Required action | The entries below are to be reproduced exactly, with their pictures omitted.

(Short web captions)
_ _ _ _ _

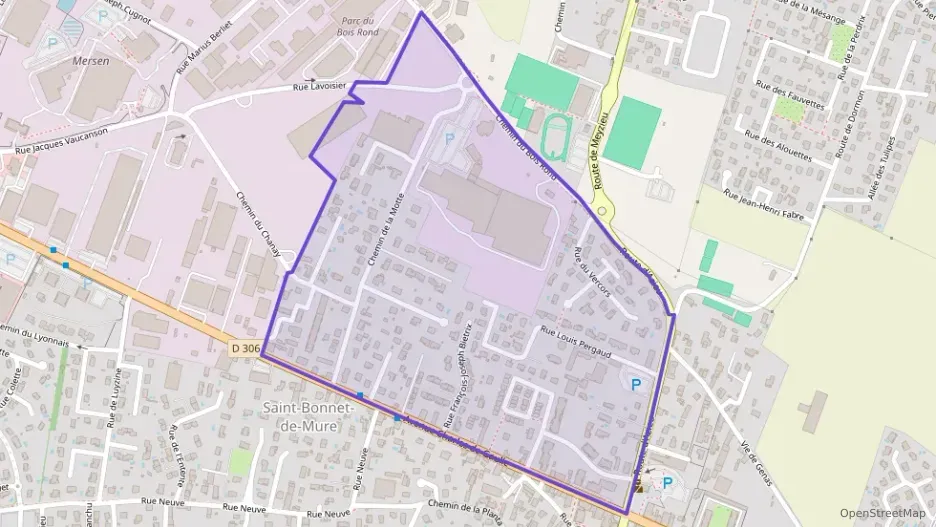 Appartement 66 m² trois pièces à vendre à Saint-Bonnet-de-Mure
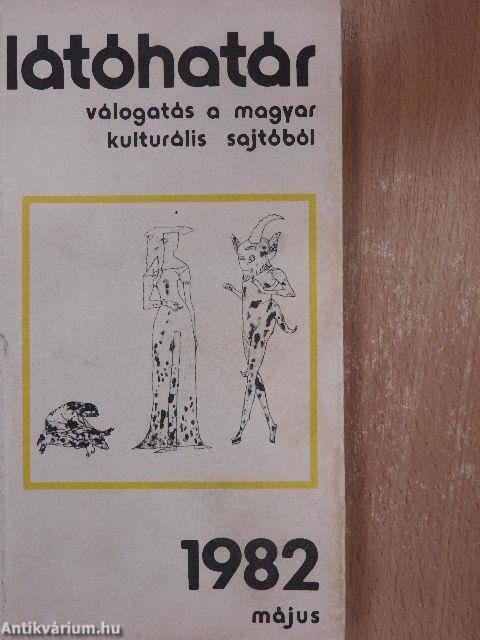 Látóhatár 1982. május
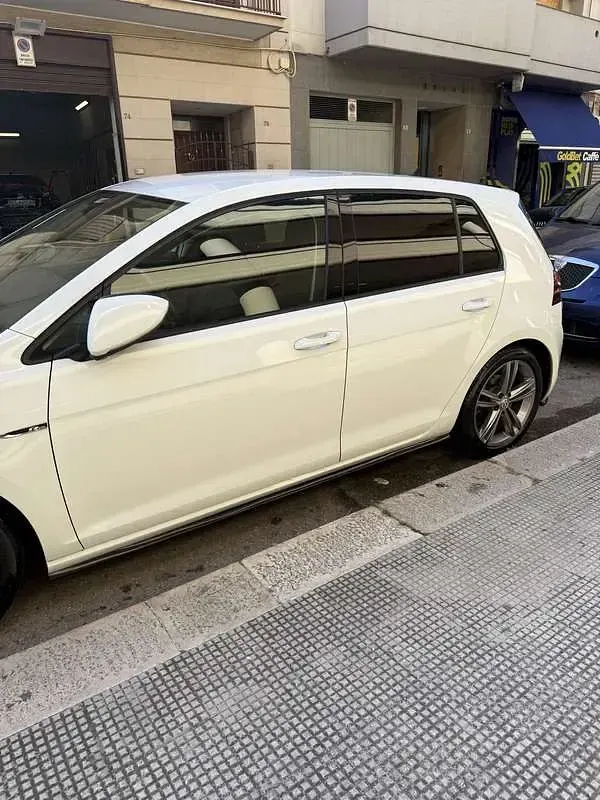 Usata VW Golf VII R-line 150 CV (110 kW) 2019 Berlina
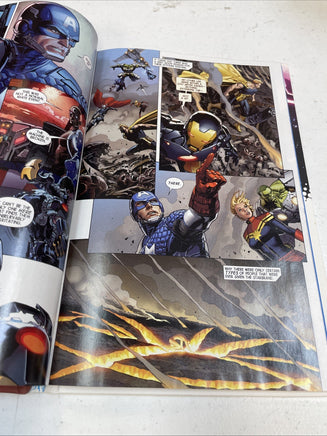 Avengers The Last White Event #2 Hard Cover (Marvel, Comic Books) - Bitz & Buttons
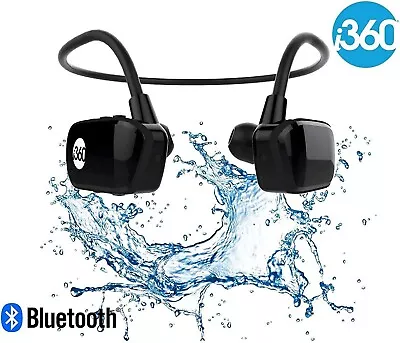 I360 Swimming MP3 Player Underwater Waterproof To 3 Meters - Wireless Earphones • £39.99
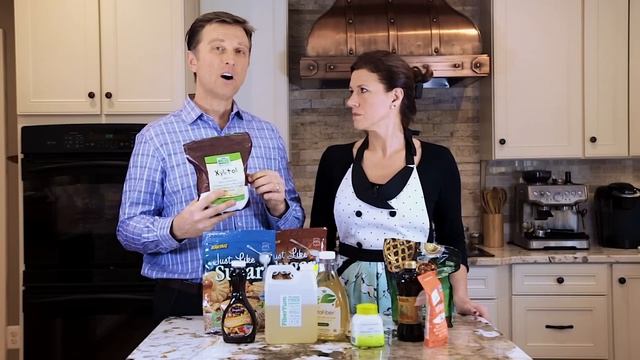 Keto Sweeteners And Sugar Alternative As Explained By Dr. Berg & Karen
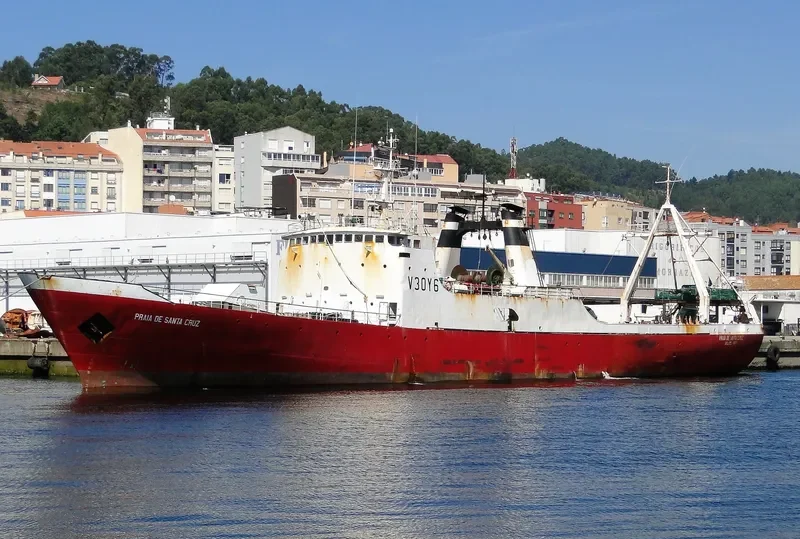PRAIA DE SANTA CRUZ General Cargo IMO 7385203 photo 7
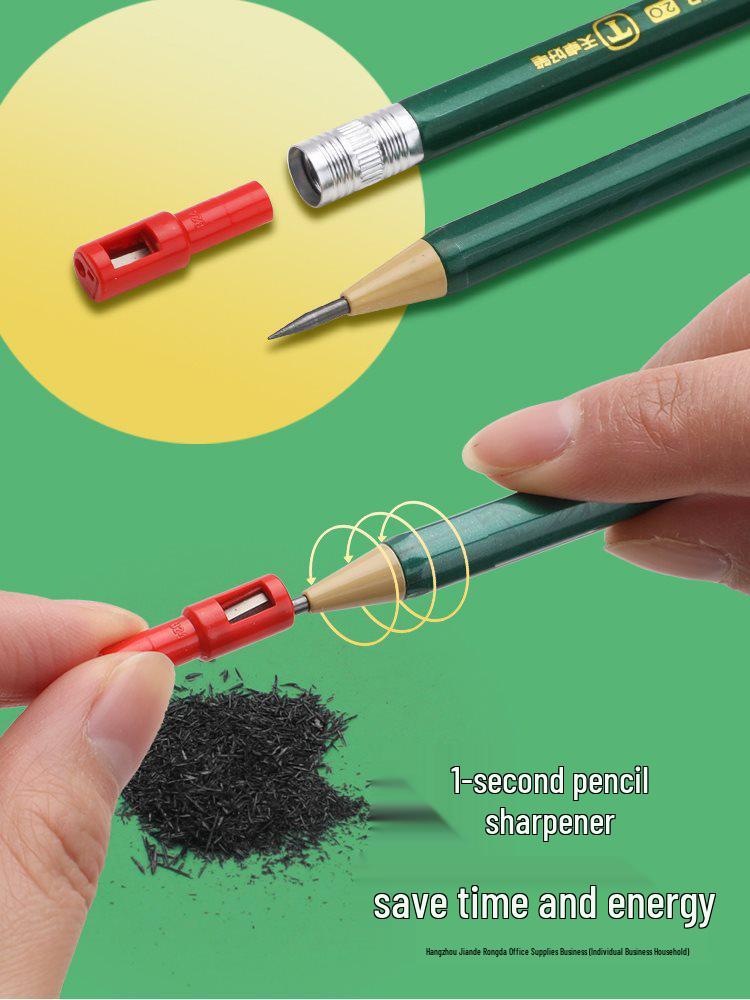 Mechanical Pencil 2.0 with Thick Refillable HB Lead, Ideal for School and Exam Use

_ _ _ _ _

Task result |
 Appartement 66 m² trois pièces à vendre à Saint-Bonnet-de-Mure
 Látóhatár 1982. május
 Usata VW Golf VII R-line 150 CV (110 kW) 2019 Berlina
 Avengers The Last White Event #2 Hard Cover (Marvel, Comic Books) - Bitz & Buttons
 I360 Swimming MP3 Player Underwater Waterproof To 3 Meters - Wireless Earphones • £39.99
 Keto Sweeteners And Sugar Alternative As Explained By Dr. Berg & Karen
PRAIA DE SANTA CRUZ General Cargo IMO 7385203 photo 7
 Mechanical Pencil 2.0 with Thick Refillable HB Lead, Ideal for School and Exam Use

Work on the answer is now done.